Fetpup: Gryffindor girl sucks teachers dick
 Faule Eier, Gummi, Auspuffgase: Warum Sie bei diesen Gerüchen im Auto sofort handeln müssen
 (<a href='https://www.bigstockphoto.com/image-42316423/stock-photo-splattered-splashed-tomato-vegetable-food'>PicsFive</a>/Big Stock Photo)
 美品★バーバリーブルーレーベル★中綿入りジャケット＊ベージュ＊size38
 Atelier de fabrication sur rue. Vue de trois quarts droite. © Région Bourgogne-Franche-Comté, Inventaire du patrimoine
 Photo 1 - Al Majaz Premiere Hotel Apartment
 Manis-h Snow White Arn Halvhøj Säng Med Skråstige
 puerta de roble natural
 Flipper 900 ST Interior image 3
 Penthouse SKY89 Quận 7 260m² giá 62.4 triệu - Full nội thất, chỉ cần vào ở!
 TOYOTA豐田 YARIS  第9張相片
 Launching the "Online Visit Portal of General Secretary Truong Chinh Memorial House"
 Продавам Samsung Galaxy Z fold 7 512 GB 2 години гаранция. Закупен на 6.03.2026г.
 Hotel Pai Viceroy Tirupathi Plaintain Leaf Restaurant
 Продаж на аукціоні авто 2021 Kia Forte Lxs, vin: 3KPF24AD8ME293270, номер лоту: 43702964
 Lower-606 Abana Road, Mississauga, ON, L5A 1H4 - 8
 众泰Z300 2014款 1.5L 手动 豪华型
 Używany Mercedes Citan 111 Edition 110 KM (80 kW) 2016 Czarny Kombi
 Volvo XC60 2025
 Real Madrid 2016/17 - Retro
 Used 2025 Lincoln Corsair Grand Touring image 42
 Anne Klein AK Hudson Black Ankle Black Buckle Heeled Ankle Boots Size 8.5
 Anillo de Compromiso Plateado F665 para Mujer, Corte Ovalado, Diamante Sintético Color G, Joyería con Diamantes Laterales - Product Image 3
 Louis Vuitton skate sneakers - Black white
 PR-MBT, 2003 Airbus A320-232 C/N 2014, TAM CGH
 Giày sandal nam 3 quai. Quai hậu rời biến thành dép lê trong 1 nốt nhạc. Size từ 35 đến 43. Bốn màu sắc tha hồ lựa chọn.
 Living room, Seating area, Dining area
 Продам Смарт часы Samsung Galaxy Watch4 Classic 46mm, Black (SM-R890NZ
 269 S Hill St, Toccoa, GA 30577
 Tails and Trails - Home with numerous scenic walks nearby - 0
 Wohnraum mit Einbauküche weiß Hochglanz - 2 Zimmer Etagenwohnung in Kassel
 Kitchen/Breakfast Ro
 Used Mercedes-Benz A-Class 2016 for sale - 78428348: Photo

→ WHAT TO WORK ON:
This task needs one value: the number of lines in the material above that contain the word "Hotel".

→ OUTPUT OF THE TASK:
2